Various commentators are saying that the reason kids are no longer watching these programmes isn't just because The Weakest Link has hit BBC1's teatime schedules, but also because kids have now have access to a wide array of mindblowing entertainment via satellite kids channels and the internet. Why sit around with your fishfingers and chips watching the squeaky clean Blue Peter crew show you how to make a spaceship out of a Fairy Liquid bottle when you can watch Elijah Wood doing his special dancey dance on Nickelodeon's amazing Yo Gabba Gabba?
Still, because I am a sucker for both lists AND nostalgia, I thought that instead of sitting around debating whether kids would prefer to watch gameshows or cartoons, I'd throw together a quick TOP FIVE of my favourite kids TV programmes of all time. Well, if by "all time" you mean "this minute." I can assure you, If you ever meet me in real life, then this list will probably be liable to change.

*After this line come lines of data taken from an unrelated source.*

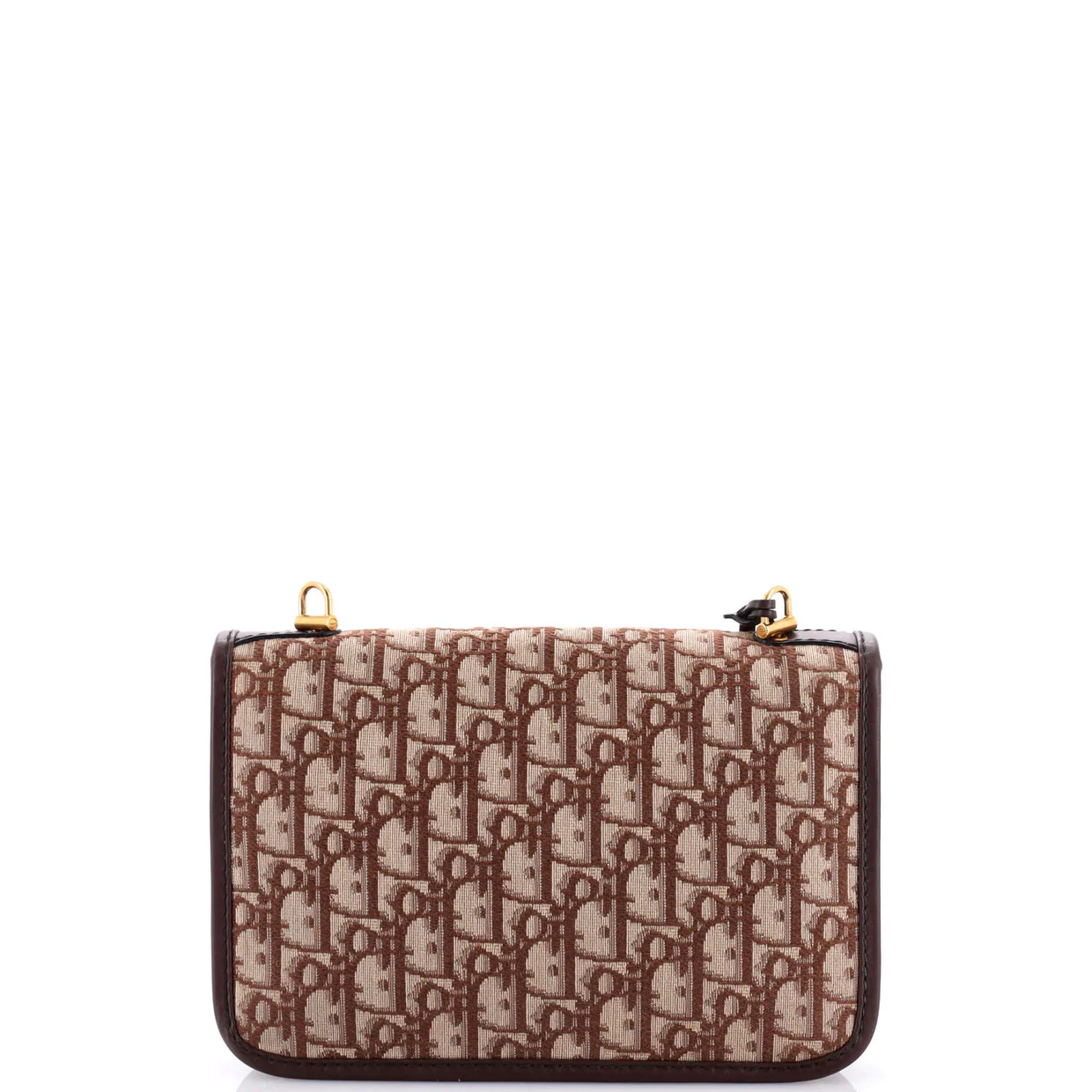 Dioraddict Flap Bag with Strap Oblique Canvas Medium - Deep Luxury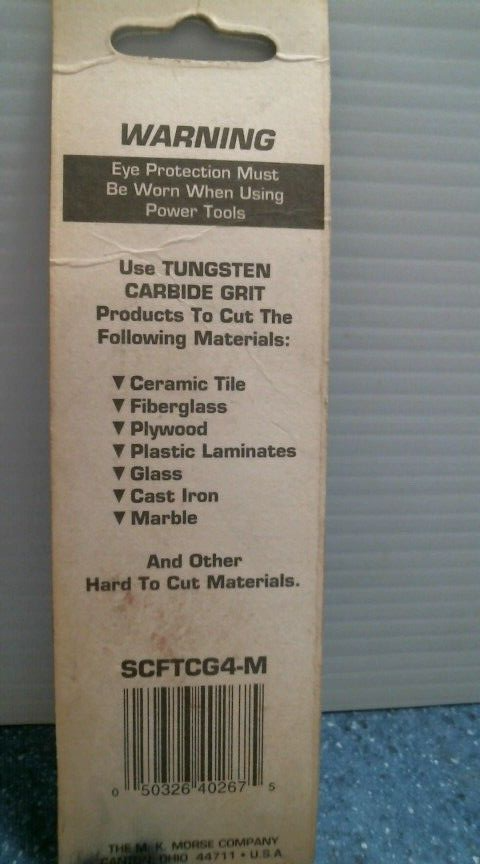 Morse 4" Sabre/ Jig Blade (SCFTCG4-M) FS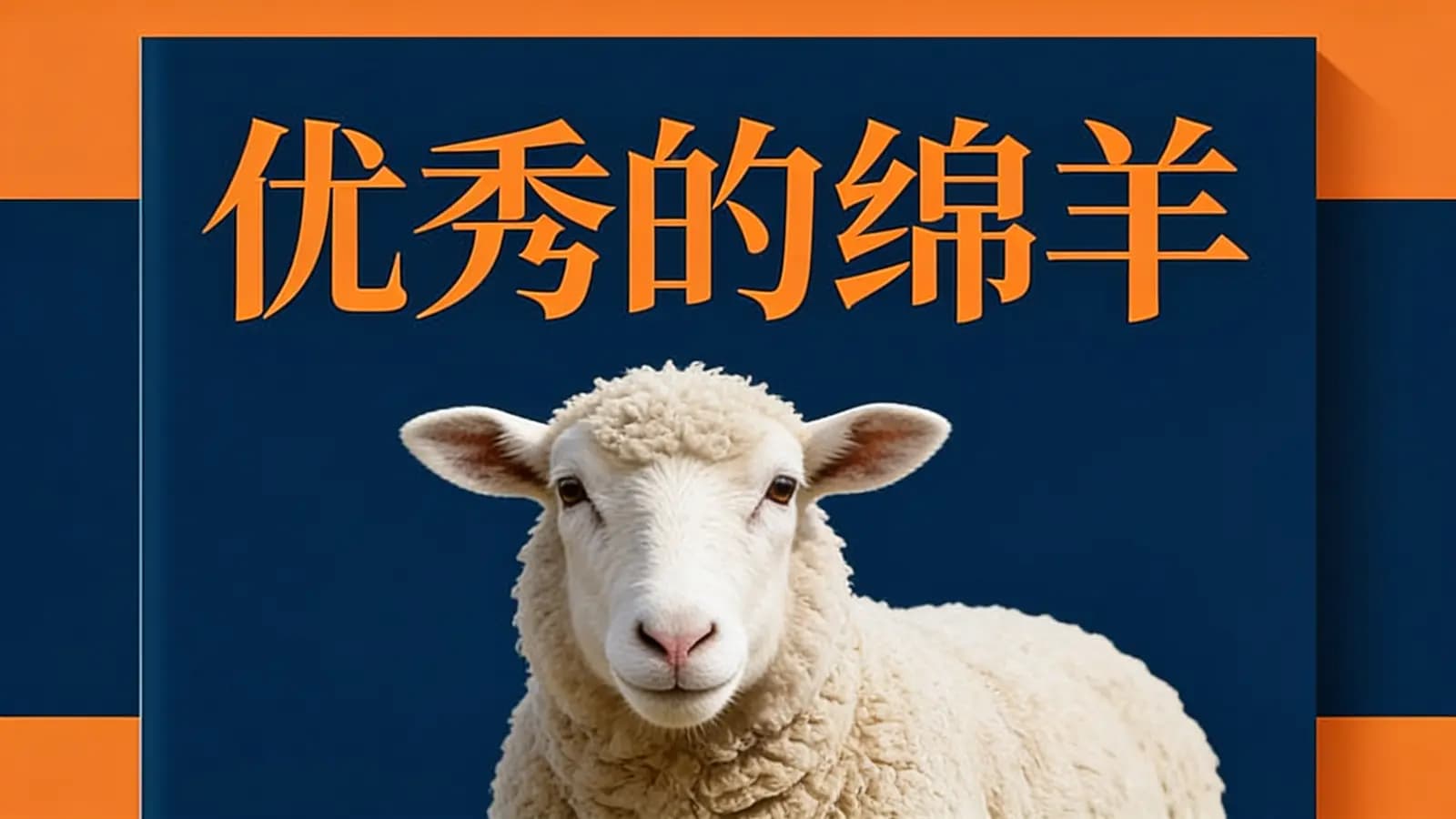 优秀的绵羊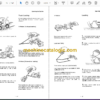 Hitachi FL180-1 Wheel Loader OPERATION & MAINTENANCE MANUAL (354992-00100) - Image 2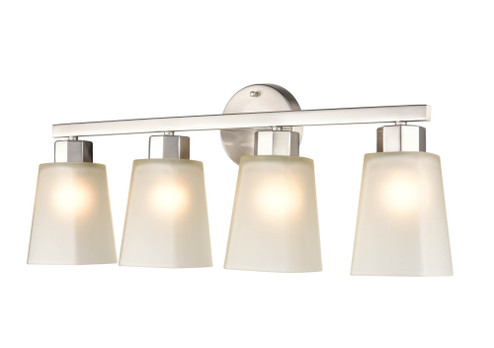 Coley 4-Light Vanity Brushed Nickel (670|4274-BN)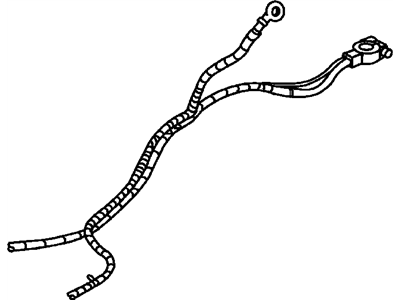 Dodge 56021622AJ WIRING Battery Positive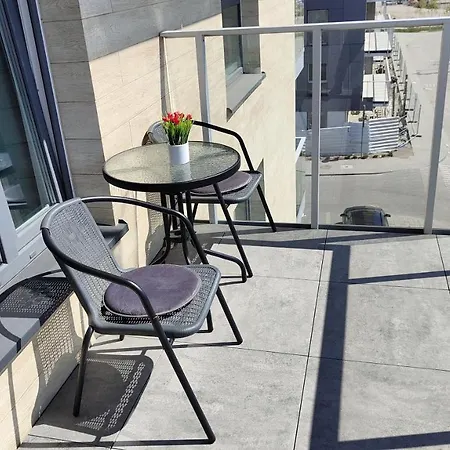 Nad Morzem,przystan Letnica Gdansk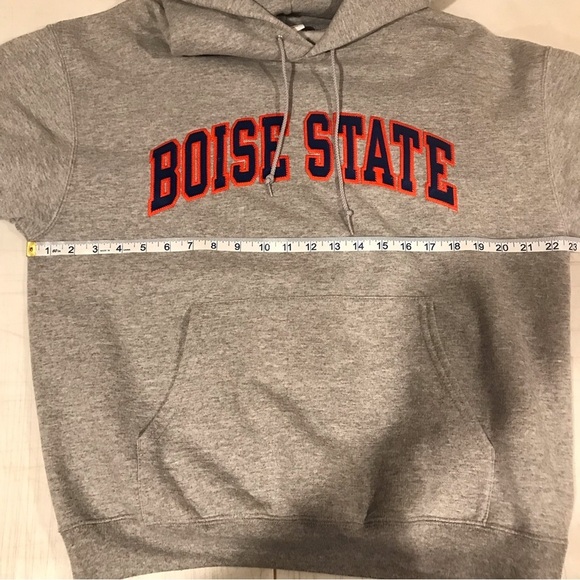 Adult Champion Brand Boise State Broncos Hoodie Sweastshirt Size L - Picture 6 of 8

1) Dick and Dom in da Bunglow.
Words cannot express how much I loved watching this programme on Saturday mornings. To me, it was as essential to my weekend as bacon sandwiches, coffee and going out and getting completely shitfaced after work on a Friday. Plus, it managed to be really, really, REALLY funny; involving kids dancing around with pants on their head, a strange Geordie policeman, seeing how loudly you could shout the word BOGIES! in public, and, in one memorable episode, involved one of the duo shooting out plastic babies from between his legs, thereby mentally scarring a generation of young children for life.
2) Jem
Bloody Jem. I was so fixated with her when I was five years old, that for a month or so, I managed to convince myself that I really was Jem, despite her being a fictional character (I was an odd child). In fact, I still harbour fantasies that one day I will buy a pair of star shaped earrings which will magically turn me into a pink-haired pop star.
3) Wacaday
I once had a picture my Dad took of a sandcastle I built on holiday in Wales shown on Wacaday when I was 8. I have admired Timmy Mallet for this ever since. However, nowadays, wouldn't a strange bespectacled man hitting children over the head with a foam hammer be considered to be child abuse?
4) Knightmare
Ok, hands up. Who didn't want to go on Knightmare back when they were a nipper? Well, I did anyway, so long as I wasn't the kid wearing the helmet who always appeared to get killed by really stupid things like evil doors and mental flying witches.
5 Rainbow
No list of this ilk would be complete without a mention of Rainbow, a kids show which demonstrated that a 40 year old batchelor, a man in a giant bear suit, a gay hippo and a zip....thing can all live together in perfect harmony. They even had their own folk trio (the alarmingly haired Rod, Jane and Freddy) to come round occasionally and sing them educational songs about sharing your tinned spaghetti hoops or some such.
Anyway, that's my Top Five. Be sure to let me know yours in the comments Dollymixers!